Invisible Character Catalog - Characters That Exist Without Being Seen

Unicode defines multiple characters that are not displayed on screen (or have zero width). These are not "bugs" - they exist for legitimate reasons in text processing.

Character NameCode PointPurposeCharacter CountDisplay Width
Zero Width Space (ZWSP)U+200BSpecifying line break opportunitiesCounted as 1 character0
Zero Width Joiner (ZWJ)U+200DJoining characters (emoji composition)Counted as 1 character0
Zero Width Non-Joiner (ZWNJ)U+200CPreventing character joiningCounted as 1 character0
Left-to-Right Mark (LRM)U+200EText direction controlCounted as 1 character0
Right-to-Left Mark (RLM)U+200FText direction controlCounted as 1 character0
Byte Order Mark (BOM)U+FEFFEncoding identificationUsually not counted0
Soft Hyphen (SHY)U+00ADSpecifying hyphenation pointsCounted as 1 characterUsually 0 (shown only at line breaks)
Word Joiner (WJ)U+2060Specifying no-break positionsCounted as 1 character0

All of these characters serve legitimate roles in text processing. The problem is that when they unintentionally infiltrate text, they silently throw off character counts.

Zero Width Space (U+200B) - The Most Troublesome Invisible Character

The Zero Width Space (ZWSP) is a character that embeds "you may break the line here" information into text. It's used in languages like Thai and Khmer that don't use spaces between words, allowing browsers to break lines at appropriate positions.

However, ZWSP easily infiltrates text when copying and pasting from web pages, causing troubles like:

Password infiltration is particularly serious. When ZWSP sneaks into a password copied from a website, you get a situation where the password looks correct but login fails. When considering password length and security, the existence of invisible characters cannot be ignored.

Zero Width Joiner (U+200D) - The Magic Character That Composes Emoji

The Zero Width Joiner (ZWJ) plays the most positive role among invisible characters. As explained in detail in emoji character counting, ZWJ combines multiple emoji to create new ones.

Displayed EmojiComponentsCode Point CountCharacter Count (JavaScript)
👨‍👩‍👧‍👦 (Family)👨 + ZWJ + 👩 + ZWJ + 👧 + ZWJ + 👦711 (including surrogate pairs)
👩‍💻 (Woman Technologist)👩 + ZWJ + 💻35
🏳️‍🌈 (Rainbow Flag)🏳️ + ZWJ + 🌈46
👨‍🍳 (Man Cook)👨 + ZWJ + 🍳35

The family emoji 👨‍👩‍👧‍👦 looks like a single emoji, but internally consists of 4 emoji and 3 ZWJs. JavaScript's .length property returns 11. On social media with character limits, a single emoji like this can consume a large number of characters.

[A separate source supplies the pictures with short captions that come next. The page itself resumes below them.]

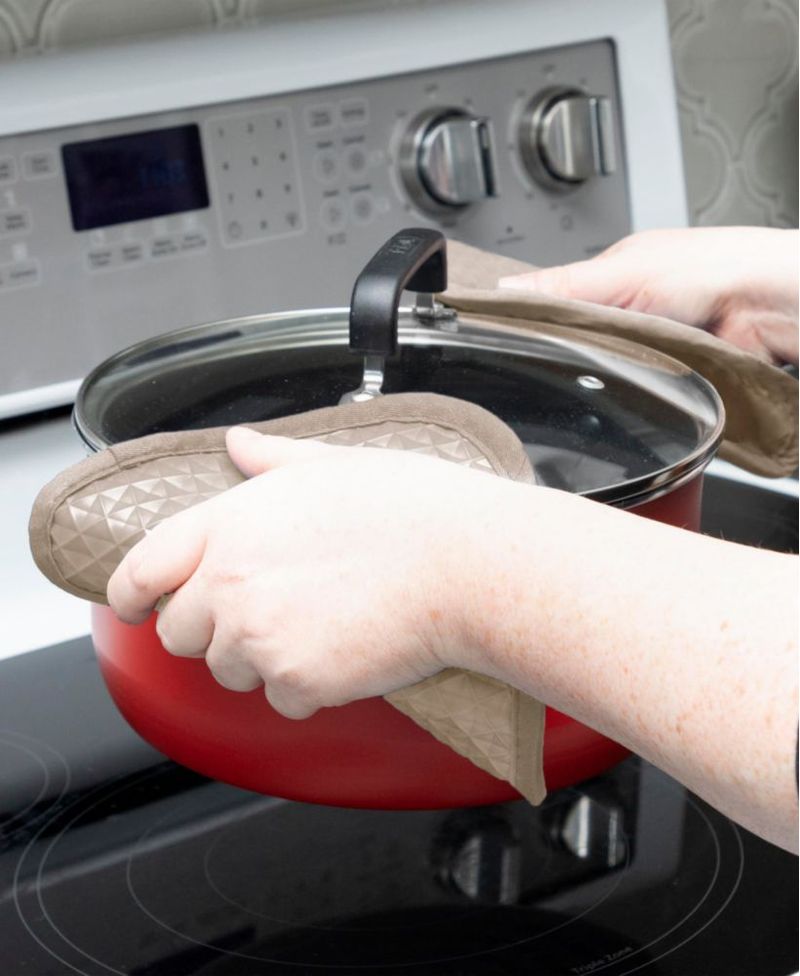 Manopla para olla T-Fal de silicona 2 piezas color arena resistencia al calor 525 °F (274 °C)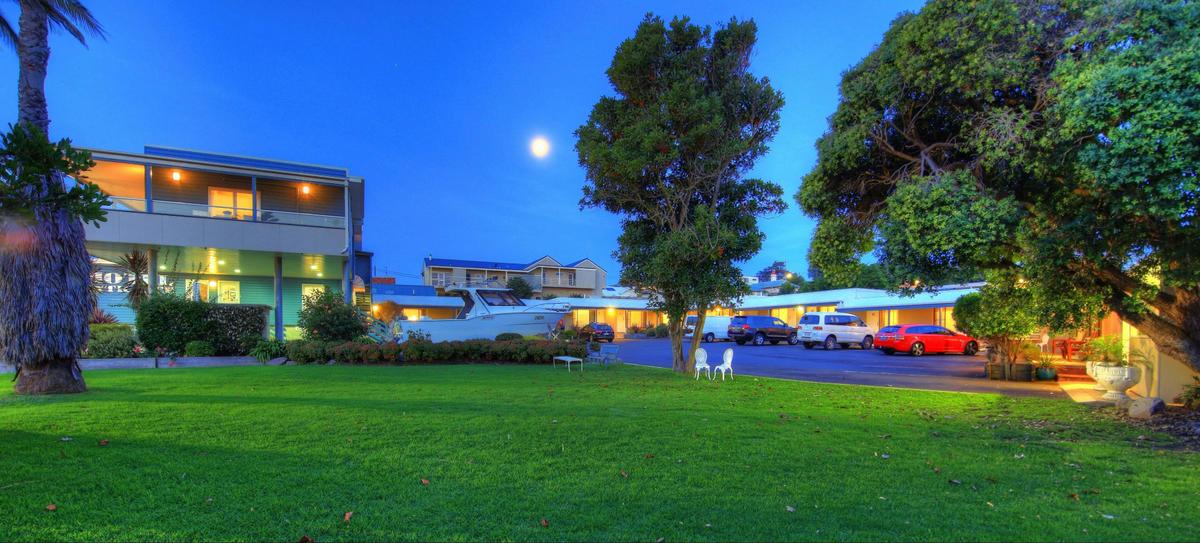 Bermagui Motor Inn garden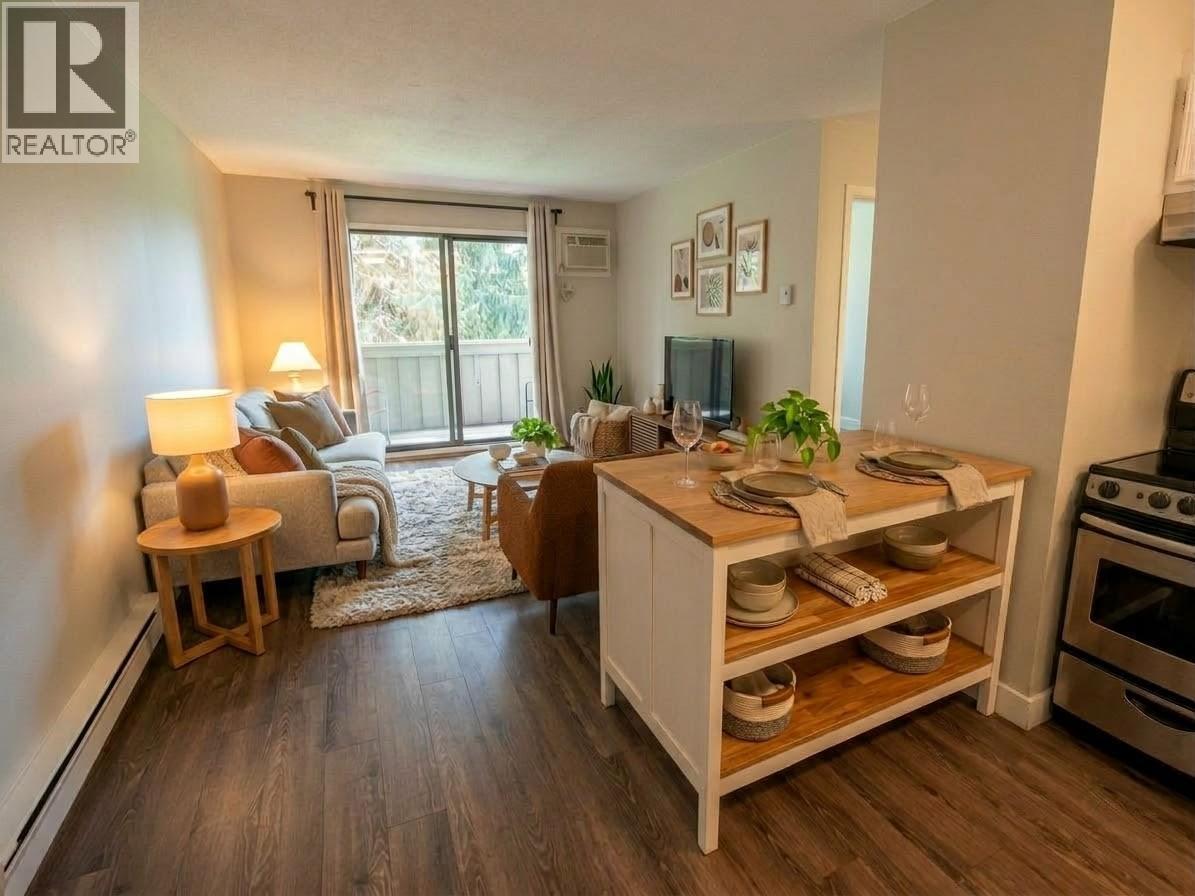 150 Skaha Place Unit# 201, Penticton, British Columbia  V2A 7K1 - Photo 4 - 10403560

Direction Control Characters - Mechanisms for Right-to-Left Languages

Arabic and Hebrew are languages written right-to-left (RTL). In text where these languages coexist with English (left-to-right, LTR), invisible characters that control text direction are necessary.

U+200E (Left-to-Right Mark) and U+200F (Right-to-Left Mark) are characters for explicitly specifying text direction. When these unintentionally infiltrate text, they can disrupt display order or throw off character counts.

In 2021, a security vulnerability called "Trojan Source" was reported that exploits direction control characters. By embedding direction control characters in source code, code that looks normal to human eyes is interpreted as different logic by the compiler. This vulnerability demonstrated that invisible characters can also pose security risks.

BOM (U+FEFF) - The Invisible Character Lurking at File Beginnings

The Byte Order Mark (BOM) is a character added at the beginning of text files to identify encoding. The UTF-8 BOM is 3 bytes (EF BB BF) and is sometimes added by Windows Notepad when saving files.

BOM is ignored by many programs, but causes problems in these cases:

Steganography Using Zero-Width Characters (Watermarking Technology)

Steganography (digital watermarking) is a technology that turns the "invisible" property of invisible characters on its head. By embedding patterns of zero-width characters in text, hidden information can be embedded without changing the appearance.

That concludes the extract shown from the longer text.